» The task: Exact transcription of the data below is required, without the images.

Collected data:
------------------------------------------------------------

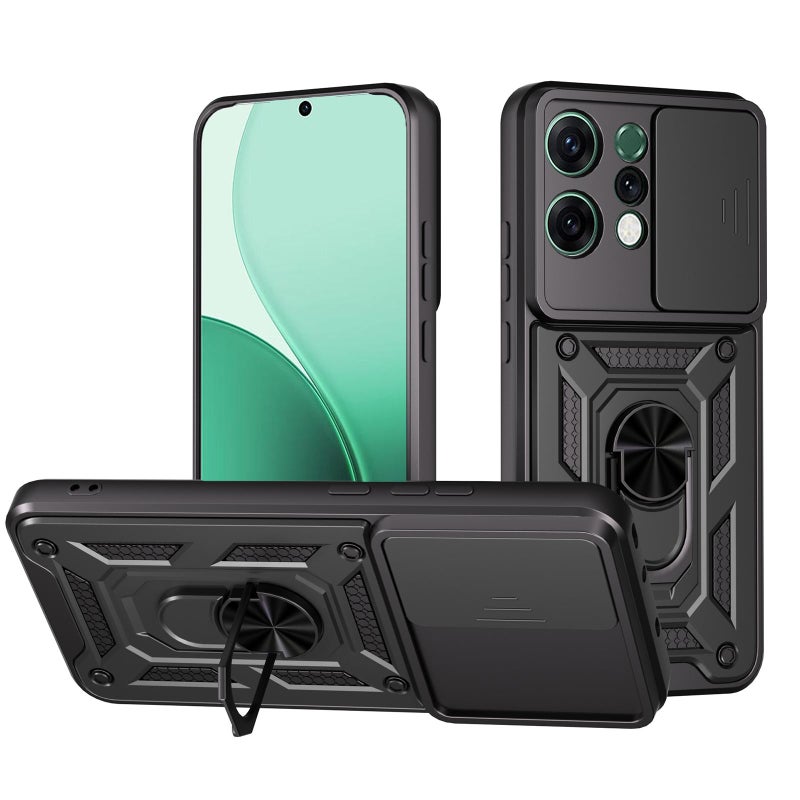 erorex For OPPO Reno14 5G Global Sliding Camera Cover Design TPU+PC Phone Case(Black) - Image 1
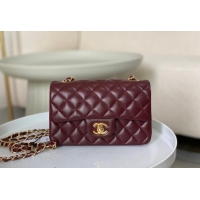 Original Cheap Chanel Lambskin Classic Mini Flap Bag A69900 Burgundy/Gold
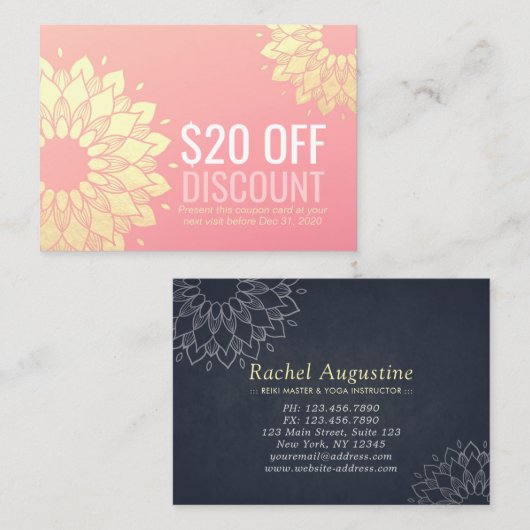 YOGA Studio Korting Coupon Loyalty Gold Mandala (Voorkant / Achterkant)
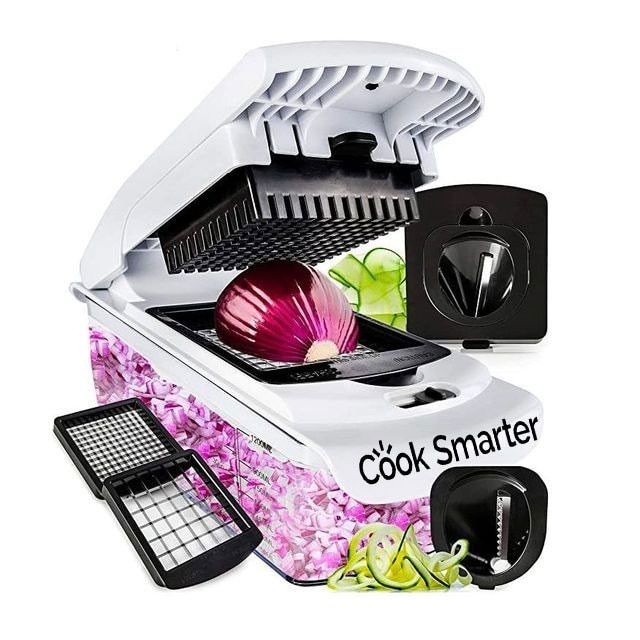 Tocator Legume Manual, 4 Lame, Cook Smarter Vegetable Chopper, Alb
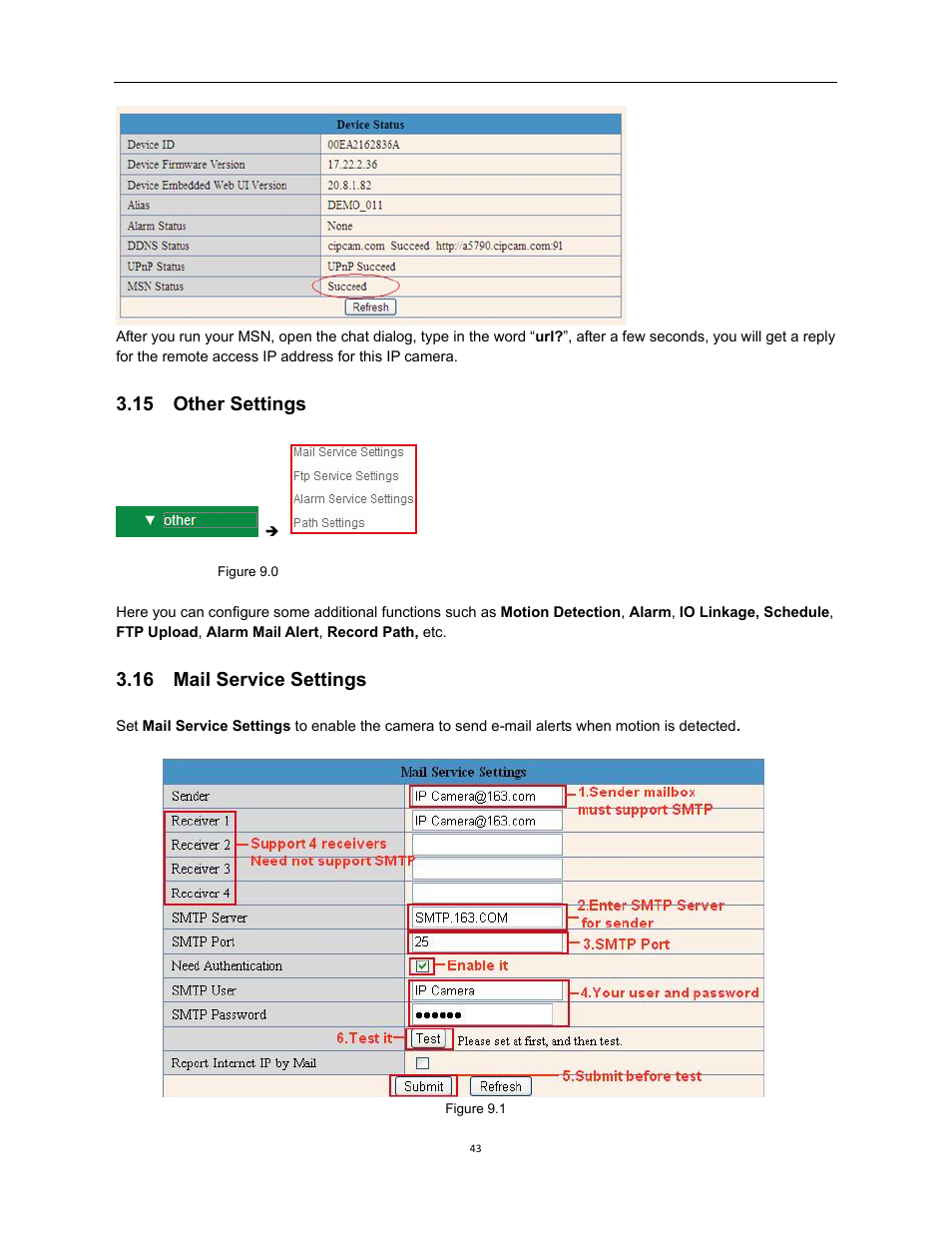 15 other settings, 16 mail service settings | X10 Wireless Technology XX34A User Manual | Page 43 / 58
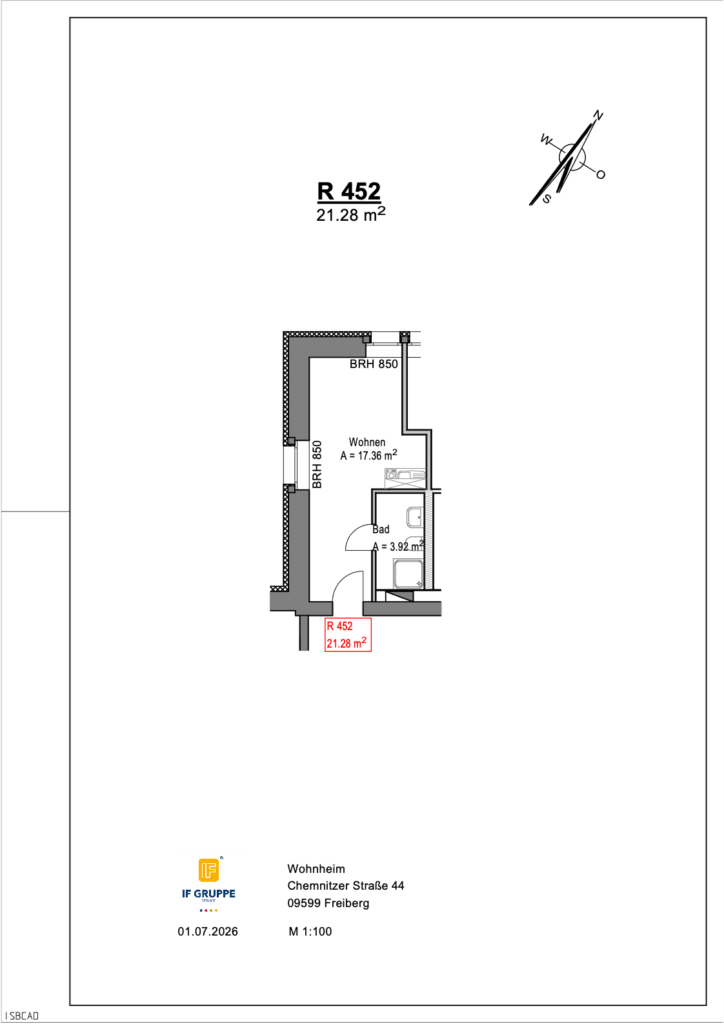 Grundriss Wohnung Einheit 452 im Objekt Chemnitzer Straße 44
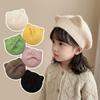 Cartoon Cat Ear Girls Knit Beret Hat Knitted Yarn Toddler Beret Cap  Autumn Winter Wear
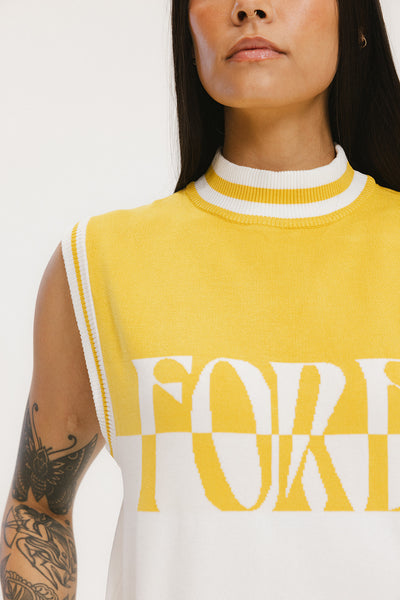 Fore Sleeveless Sweater - Mustard/White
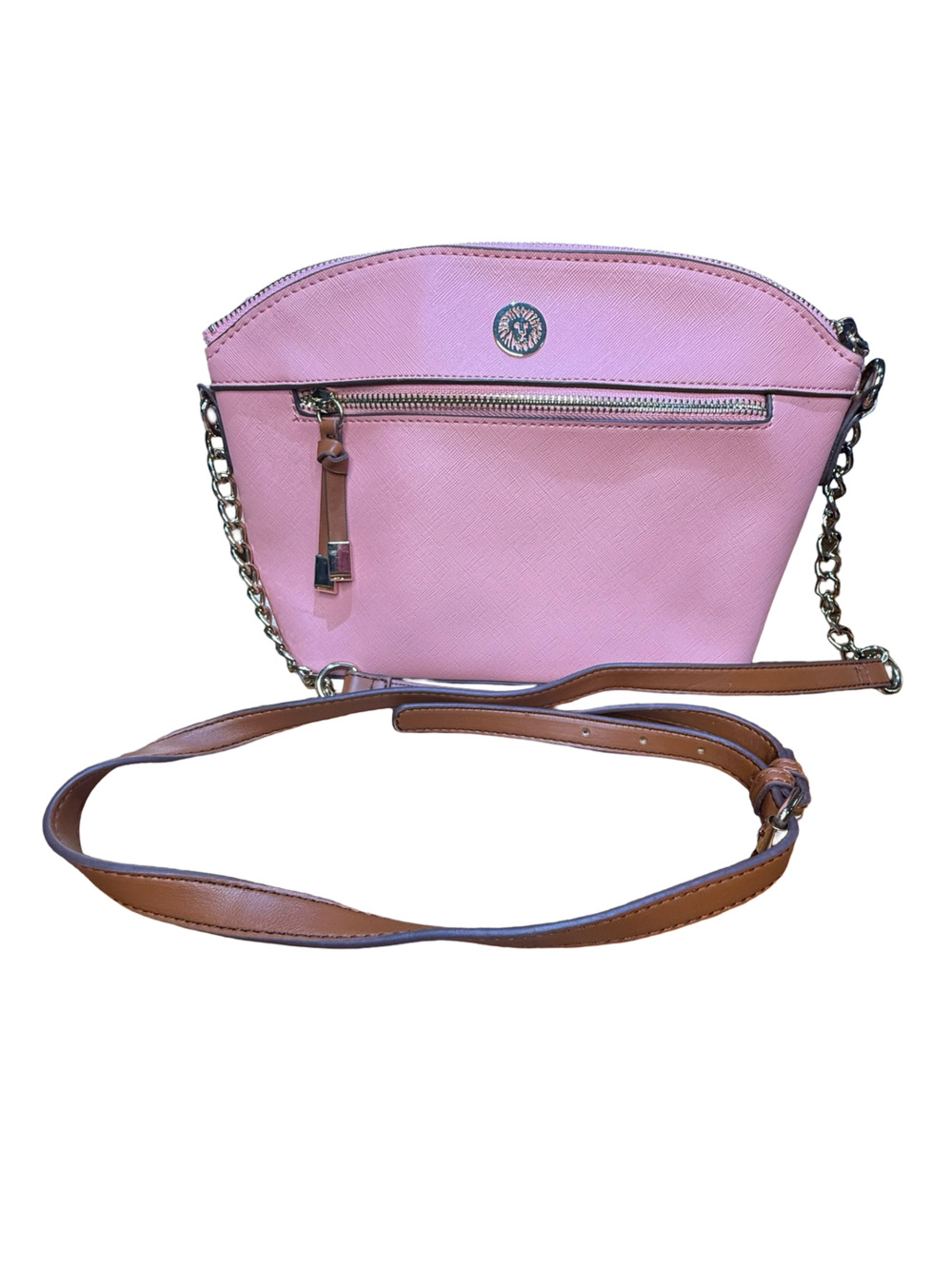 Anne Klein Crossbody Handbag Pink Brown Gold-Tone Hardware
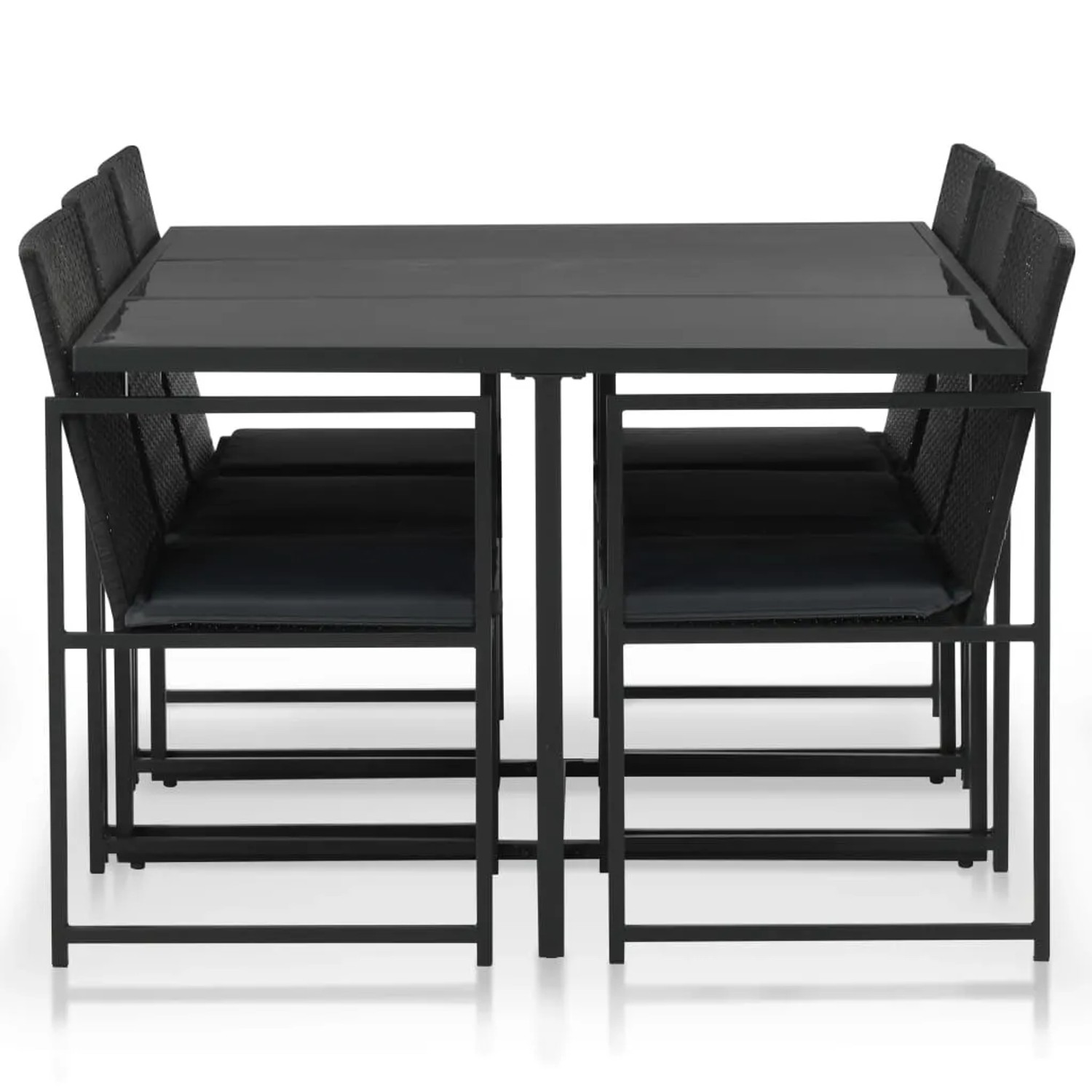 vidaXL 7-tlg. Garten-Essgruppe aus Rattan, schwarz, mit Tisch, 6 Stühlen und Auflagen.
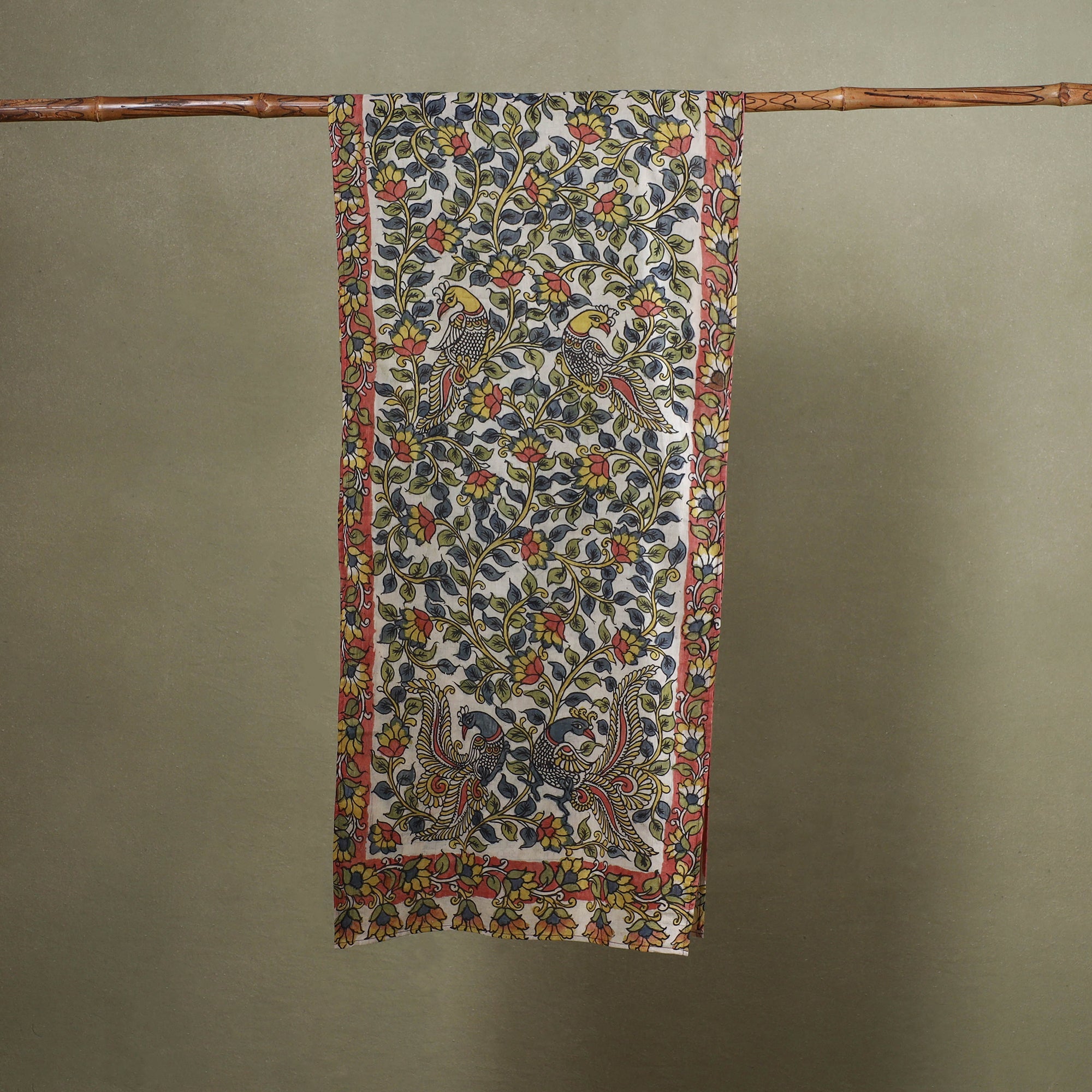Multicolor Handpainted Cotton Kalamkari Stole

------------------------------------------------------------

» Task solution:
 erorex For OPPO Reno14 5G Global Sliding Camera Cover Design TPU+PC Phone Case(Black) - Image 1
 Original Cheap Chanel Lambskin Classic Mini Flap Bag A69900 Burgundy/Gold
 YOGA Studio Korting Coupon Loyalty Gold Mandala (Voorkant / Achterkant)
 Tocator Legume Manual, 4 Lame, Cook Smarter Vegetable Chopper, Alb
 15 other settings, 16 mail service settings | X10 Wireless Technology XX34A User Manual | Page 43 / 58
 Grundriss Wohnung Einheit 452 im Objekt Chemnitzer Straße 44
 Cartoon Cat Ear Girls Knit Beret Hat Knitted Yarn Toddler Beret Cap  Autumn Winter Wear
 Fore Sleeveless Sweater - Mustard/White
 Anne Klein Crossbody Handbag Pink Brown Gold-Tone Hardware
 vidaXL 7-tlg. Garten-Essgruppe aus Rattan, schwarz, mit Tisch, 6 Stühlen und Auflagen.
Multicolor Handpainted Cotton Kalamkari Stole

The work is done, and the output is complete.